Posterior QQ envelopes: normality test

Posterior QQ envelopes for normality test

QQ plots are a useful tool to compare two probability distributions. The idea is to compare the empirical distribution of the data against the quantiles of the fitted normal distribution.

Let \({\bf y}=(y_1,\dots,y_n)\) be a random sample, and suppose that we are interested in visually assessing the normality assumption on this sample. In a Bayesian context, one can think of simulating \(m\) samples of size \(n\) from the predictive distribution of \(\pi(y_{n+1}\vert{\bf y})\), and comparing them against the true sample, which can be done using a sample from the posterior distribution of \((\mu,\sigma)\). This strategy defines an envelope of QQ plots. Thus, it is possible to construct a \((1-\alpha)\%\) QQ envelope by taking, at each point of the sample, the \((1-\alpha)\%\) probability interval of the samples. This plot is a useful tool to visually check the predictive ability of the model.
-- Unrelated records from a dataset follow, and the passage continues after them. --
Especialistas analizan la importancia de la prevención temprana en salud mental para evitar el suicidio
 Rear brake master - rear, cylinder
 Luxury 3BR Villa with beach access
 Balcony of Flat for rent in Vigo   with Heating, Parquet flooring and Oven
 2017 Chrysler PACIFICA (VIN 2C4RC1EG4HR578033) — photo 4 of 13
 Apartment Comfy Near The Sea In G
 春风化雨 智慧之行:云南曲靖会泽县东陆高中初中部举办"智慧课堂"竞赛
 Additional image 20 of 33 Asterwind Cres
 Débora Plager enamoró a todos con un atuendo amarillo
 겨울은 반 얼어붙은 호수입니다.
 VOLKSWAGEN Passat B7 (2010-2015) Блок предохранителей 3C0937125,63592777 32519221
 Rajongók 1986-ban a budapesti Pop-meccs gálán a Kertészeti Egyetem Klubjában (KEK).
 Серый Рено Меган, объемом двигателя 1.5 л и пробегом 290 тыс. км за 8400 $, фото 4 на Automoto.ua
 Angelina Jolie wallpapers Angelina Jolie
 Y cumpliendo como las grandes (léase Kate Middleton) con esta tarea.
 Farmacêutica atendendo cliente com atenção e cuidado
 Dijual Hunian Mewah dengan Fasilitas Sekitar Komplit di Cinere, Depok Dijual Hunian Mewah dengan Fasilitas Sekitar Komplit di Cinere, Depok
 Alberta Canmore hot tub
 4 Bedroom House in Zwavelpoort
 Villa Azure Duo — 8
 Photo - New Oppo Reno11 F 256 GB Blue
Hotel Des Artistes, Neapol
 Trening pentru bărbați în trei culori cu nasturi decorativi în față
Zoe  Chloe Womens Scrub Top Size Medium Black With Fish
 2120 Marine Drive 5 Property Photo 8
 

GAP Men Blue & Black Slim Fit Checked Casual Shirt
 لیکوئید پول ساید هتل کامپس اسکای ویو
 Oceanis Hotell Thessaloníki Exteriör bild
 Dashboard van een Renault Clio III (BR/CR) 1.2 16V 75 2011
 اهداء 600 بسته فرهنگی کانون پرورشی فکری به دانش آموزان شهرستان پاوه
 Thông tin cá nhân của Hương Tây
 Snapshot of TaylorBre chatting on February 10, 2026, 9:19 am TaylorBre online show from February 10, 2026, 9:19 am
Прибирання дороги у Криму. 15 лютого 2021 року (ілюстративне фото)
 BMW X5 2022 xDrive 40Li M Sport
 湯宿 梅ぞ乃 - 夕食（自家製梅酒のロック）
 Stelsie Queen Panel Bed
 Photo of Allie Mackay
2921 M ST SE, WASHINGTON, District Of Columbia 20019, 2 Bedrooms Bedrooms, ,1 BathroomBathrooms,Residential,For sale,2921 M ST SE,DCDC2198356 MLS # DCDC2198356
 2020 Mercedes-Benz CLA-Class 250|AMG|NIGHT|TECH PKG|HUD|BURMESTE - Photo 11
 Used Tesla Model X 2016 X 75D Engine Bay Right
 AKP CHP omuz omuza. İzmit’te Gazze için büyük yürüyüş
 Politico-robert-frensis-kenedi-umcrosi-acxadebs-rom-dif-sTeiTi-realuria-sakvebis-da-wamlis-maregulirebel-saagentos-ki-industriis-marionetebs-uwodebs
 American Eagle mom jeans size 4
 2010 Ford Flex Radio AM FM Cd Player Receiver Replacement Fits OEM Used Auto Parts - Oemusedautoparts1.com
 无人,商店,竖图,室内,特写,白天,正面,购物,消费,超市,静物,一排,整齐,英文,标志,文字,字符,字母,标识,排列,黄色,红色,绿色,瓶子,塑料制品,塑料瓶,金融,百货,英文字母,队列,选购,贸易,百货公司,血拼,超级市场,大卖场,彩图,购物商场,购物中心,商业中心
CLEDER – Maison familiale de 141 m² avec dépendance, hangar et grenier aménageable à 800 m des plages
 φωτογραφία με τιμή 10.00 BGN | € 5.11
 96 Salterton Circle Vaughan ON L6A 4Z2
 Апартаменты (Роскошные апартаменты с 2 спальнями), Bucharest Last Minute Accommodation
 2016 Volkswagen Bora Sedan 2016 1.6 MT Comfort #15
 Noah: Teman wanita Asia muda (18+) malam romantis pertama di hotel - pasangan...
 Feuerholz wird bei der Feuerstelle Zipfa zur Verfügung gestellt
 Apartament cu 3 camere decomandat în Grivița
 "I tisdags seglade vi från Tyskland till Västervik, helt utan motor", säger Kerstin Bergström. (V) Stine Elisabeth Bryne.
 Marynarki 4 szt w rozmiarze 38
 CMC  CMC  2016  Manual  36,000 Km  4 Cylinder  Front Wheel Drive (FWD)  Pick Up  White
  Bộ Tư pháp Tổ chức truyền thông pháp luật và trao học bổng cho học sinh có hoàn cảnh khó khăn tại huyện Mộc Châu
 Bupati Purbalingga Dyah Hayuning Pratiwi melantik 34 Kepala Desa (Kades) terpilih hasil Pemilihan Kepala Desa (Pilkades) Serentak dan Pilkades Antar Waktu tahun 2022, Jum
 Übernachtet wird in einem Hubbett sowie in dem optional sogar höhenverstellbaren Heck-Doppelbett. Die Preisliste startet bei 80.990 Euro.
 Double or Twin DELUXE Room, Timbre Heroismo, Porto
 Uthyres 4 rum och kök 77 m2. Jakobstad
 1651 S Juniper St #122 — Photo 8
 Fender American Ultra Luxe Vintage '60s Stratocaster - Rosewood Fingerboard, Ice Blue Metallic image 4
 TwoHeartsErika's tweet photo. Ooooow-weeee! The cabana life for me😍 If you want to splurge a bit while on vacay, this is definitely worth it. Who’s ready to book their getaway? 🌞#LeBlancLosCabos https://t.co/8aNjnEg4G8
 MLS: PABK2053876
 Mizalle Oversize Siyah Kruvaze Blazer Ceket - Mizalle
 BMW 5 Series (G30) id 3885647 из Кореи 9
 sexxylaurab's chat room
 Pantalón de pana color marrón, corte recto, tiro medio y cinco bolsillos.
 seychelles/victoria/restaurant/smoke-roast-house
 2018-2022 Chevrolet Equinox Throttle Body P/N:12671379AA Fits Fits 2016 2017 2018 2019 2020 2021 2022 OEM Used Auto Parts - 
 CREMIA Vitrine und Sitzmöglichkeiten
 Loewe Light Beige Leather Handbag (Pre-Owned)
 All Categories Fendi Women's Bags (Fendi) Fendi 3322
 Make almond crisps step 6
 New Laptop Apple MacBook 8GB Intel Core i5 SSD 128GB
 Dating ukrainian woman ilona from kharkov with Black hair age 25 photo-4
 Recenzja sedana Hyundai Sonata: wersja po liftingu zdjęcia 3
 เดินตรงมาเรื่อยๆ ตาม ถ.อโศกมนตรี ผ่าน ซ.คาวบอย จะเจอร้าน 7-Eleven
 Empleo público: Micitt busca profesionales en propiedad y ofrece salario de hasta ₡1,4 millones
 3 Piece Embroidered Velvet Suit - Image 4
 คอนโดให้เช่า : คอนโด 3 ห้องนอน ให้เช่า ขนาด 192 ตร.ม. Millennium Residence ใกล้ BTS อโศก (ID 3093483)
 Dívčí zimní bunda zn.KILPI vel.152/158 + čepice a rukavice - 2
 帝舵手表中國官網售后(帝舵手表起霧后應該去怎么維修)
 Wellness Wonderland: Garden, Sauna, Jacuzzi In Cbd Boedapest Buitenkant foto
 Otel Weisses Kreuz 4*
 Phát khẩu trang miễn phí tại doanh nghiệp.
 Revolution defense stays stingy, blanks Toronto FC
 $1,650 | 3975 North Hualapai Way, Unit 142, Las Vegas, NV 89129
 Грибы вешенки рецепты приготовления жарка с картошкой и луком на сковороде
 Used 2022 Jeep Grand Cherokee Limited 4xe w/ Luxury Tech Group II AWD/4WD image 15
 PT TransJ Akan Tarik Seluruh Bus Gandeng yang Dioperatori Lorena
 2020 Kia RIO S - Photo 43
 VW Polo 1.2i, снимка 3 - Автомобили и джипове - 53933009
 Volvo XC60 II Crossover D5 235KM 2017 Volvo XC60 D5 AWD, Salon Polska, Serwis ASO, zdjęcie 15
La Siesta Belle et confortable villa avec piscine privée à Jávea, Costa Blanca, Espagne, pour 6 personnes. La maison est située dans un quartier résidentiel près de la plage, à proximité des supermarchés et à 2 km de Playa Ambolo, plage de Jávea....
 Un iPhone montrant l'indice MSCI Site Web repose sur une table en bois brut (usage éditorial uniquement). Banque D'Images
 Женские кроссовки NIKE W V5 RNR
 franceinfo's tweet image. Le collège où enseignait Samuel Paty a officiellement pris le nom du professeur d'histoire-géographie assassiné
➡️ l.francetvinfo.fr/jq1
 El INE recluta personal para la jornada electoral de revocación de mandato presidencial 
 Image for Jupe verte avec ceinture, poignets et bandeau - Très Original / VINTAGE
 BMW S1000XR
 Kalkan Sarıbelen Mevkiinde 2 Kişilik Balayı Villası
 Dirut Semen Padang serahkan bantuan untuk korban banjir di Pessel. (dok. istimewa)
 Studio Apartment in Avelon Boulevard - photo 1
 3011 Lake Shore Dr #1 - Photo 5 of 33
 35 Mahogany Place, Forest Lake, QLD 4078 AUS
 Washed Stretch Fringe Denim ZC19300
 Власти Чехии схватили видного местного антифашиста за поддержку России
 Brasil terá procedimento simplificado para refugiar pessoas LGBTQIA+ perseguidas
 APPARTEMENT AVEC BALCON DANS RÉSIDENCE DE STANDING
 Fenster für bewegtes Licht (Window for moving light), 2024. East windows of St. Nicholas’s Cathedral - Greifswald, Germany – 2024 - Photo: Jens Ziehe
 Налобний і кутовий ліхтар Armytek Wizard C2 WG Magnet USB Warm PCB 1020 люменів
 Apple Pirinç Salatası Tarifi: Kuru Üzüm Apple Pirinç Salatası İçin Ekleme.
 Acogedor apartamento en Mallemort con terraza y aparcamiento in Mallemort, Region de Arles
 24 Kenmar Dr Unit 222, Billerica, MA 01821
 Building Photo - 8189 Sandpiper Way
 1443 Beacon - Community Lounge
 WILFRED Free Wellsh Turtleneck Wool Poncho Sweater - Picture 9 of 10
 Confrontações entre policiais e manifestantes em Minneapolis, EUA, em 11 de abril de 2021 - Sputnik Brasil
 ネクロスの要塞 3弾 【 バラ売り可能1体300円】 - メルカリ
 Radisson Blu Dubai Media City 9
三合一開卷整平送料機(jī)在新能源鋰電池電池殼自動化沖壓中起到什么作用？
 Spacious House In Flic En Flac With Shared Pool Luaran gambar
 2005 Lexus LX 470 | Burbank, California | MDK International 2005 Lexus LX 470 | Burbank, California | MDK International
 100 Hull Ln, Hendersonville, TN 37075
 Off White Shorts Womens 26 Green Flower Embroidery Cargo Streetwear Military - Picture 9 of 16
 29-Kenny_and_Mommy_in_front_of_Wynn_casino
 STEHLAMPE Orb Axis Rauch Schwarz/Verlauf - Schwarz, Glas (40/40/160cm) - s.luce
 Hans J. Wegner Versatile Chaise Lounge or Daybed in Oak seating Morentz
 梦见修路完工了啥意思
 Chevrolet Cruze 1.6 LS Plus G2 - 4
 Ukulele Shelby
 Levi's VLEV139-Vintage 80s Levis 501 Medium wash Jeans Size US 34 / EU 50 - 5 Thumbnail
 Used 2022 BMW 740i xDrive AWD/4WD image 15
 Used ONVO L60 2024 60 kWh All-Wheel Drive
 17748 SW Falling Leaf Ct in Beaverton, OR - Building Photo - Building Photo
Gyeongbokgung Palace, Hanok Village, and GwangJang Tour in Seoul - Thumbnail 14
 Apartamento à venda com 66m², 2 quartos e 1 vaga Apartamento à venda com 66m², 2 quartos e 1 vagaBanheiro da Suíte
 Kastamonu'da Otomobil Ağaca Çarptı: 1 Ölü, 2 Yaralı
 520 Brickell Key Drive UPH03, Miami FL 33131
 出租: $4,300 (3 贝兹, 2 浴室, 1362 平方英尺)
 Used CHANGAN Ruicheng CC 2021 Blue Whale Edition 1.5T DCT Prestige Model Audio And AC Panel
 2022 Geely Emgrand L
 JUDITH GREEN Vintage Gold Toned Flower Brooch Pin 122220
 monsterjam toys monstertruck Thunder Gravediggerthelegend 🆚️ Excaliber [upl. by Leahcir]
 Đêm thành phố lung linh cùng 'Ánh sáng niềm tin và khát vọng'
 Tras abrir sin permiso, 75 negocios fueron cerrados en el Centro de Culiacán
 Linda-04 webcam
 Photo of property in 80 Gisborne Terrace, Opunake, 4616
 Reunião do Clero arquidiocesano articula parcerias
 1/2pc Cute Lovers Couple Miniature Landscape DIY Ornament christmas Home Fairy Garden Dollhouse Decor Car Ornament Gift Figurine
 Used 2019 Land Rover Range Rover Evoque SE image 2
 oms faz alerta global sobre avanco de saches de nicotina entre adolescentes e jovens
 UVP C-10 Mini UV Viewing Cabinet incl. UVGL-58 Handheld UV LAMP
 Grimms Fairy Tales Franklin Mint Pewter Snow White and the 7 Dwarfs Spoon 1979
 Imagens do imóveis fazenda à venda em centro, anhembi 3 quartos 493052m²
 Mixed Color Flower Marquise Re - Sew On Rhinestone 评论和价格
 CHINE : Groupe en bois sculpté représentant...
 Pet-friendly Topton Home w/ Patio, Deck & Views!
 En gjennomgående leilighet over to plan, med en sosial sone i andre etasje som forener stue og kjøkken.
Examples 1-3 in the following R code illustrates the construction of QQ envelopes for assesing the normality assumption in 3 cases:

The data are truly normal.
The data are heavy tailed.
The data are asymmetric.
The data are simulated from a mixture of normals.

The prior used for the fitted normal model is the non-informative prior \(\pi(\mu,\sigma)\propto \dfrac{1}{\sigma}\). The strategy to construct the QQ envelopes is explained in [1] (see the References), and summarised below:

Obtain \({\bf y}^{(1)}_{n+1},\dots,{\bf y}^{(m)}_{n+1}\) samples of size \(n\) (same size as the original data) from the posterior predictive distribution \(\pi(y_{n+1}\vert{\bf y})\).
Construct \(m\) QQ-plots for each simulated sample against the original data. Using these \(m\) QQ-plots, we can generate an envelope, by taking the \(\alpha\%\) and \((1-\alpha)\%\) quantiles of the QQ-plots at each quantile point, which is shown in the shaded area.
The envelope is compared against a straight line with intercept 0 and slope 1, which represents a perfect fit. The plots below also show the mean of the QQ plots, which represent the predictive distribution.

References

Bayesian linear regression with skew-symmetric error distributions with applications to survival analysis

#########################################################################################################################
# Example 1: Good fit
#########################################################################################################################
rm(list=ls())
# required packages
library(Rtwalk)

## Package: Rtwalk, Version: 1.8.0

## The R Implementation of 't-walk' MCMC Sampler

## http://www.cimat.mx/~jac/twalk/

## For citations, please use:

## Christen JA and Fox C (2010). A general purpose sampling algorithm for

## continuous distributions (the t-walk). Bayesian Analysis, 5(2),

## pp. 263-282. <URL:

## http://ba.stat.cmu.edu/journal/2010/vol05/issue02/christen.pdf>.

library(twopiece)

## Loading required package: flexclust

## Warning: package 'flexclust' was built under R version 3.3.2

## Loading required package: grid

## Loading required package: lattice

## Loading required package: modeltools

## Warning: package 'modeltools' was built under R version 3.3.2

## Loading required package: stats4

## Loading required package: mvtnorm

## Loading required package: label.switching

## Warning: package 'label.switching' was built under R version 3.3.2

# Simulated data
ns <- 250 # number of simulations
set.seed(123)
data <- rnorm(ns,0,1) # data


# Support function
Support <- function(VAR){ (VAR[2]>0)}

# minus log posterior
lp <- function(par){
  ll <- sum(dnorm(data,par[1],par[2],log=T))
  lp0 <- -log(par[2])
  return(-ll - lp0)
}

X0 <- function(x) c(0,0.5) + runif(2,-0.1,0.1)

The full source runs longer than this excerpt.